Is it dogs, who live together amicably in the casteless, creedless democracy of doggydom, who have strayed? Or is it humans, with their caste conflicts and their religious wars, their whites and their blacks, their Hindus and Muslims and Sikhs and Christians, their Maoists and their monarchists, their Indias and their Pakistans, their terrorists and their victims, who are the real strays? And the real menace. Not only to each other, but to all of the rest of creation as well.
It wasn’t dogs who created 9/11, and 26/11, and al-Qaeda, and the Sri Lankan civil war, and the Taliban, and not one but two world wars. All these are human creations. And what wondrous creations. Can you imagine a dog creative enough to devise 65,000 nuclear warheads capable of killing every living creature on this planet a hundred times over? No. Only humans are creative enough to have done that. Though they have yet to prove themselves creative and clever enough to find a cure for the common cold. Or AIDS, or cancer, or a score of other killer diseases.
Humans have been too busy doing other things. Like polluting the planet and destroying its environment. The world’s forest cover has been thinned from 7.6 billion hectares in the pre-industrial age to 2.8 billion hectares. And that’s fast disappearing. Between 1700 and 1900, thanks to human activity, more than 20,000 species of plants, 593 species of birds, over 400 species of animals and 209 species of amphibians became extinct. Today, humans wipe out one species every day on an average. Tell me about the ‘stray dog menace’.
Unlike humans, who think the universe and everything in it was created only for their benefit to do with as they will, we dogs believe in the co-fraternity of all living things. And that includes cats. Cats? Oh, lor, what have Bunnylady and Jugfellow done? They’ve let Himal into the place. And Himal is a cat! Who insists on literally rubbing shoulders with me. Yuck. So, while there’s no such thing as a stray dog menace, if you were to talk about a stray cat menace, you might get me to agree. Or maybe not. For the basic dharma that doggydom teaches is to live and let live. Which means cats too. Where’s that damn Himal gone to…?

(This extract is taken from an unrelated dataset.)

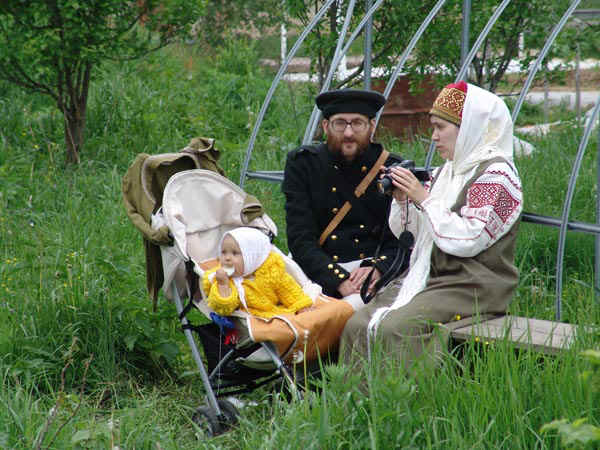 11b.jpg (97759 bytes)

Web Linkshttp://blogs.timesofindia.indiatimes.com/jugglebandhi/
Contactsjug.suraiya@timesgroup.com

Printed without the permission of Jug Surai... I admire a lot and would like to recommend his books like JUGGLING ACT as compensation

3 comments:

mcgs07 said...

Very nice text but
fotos are not from Indian times. My sister will enjoy the article very much. Will send her the link

Pinus Silvestris said...

I always try to bring a personal touch to the stolen articles

animtreebird said...

Very nice article on street dogs.:)))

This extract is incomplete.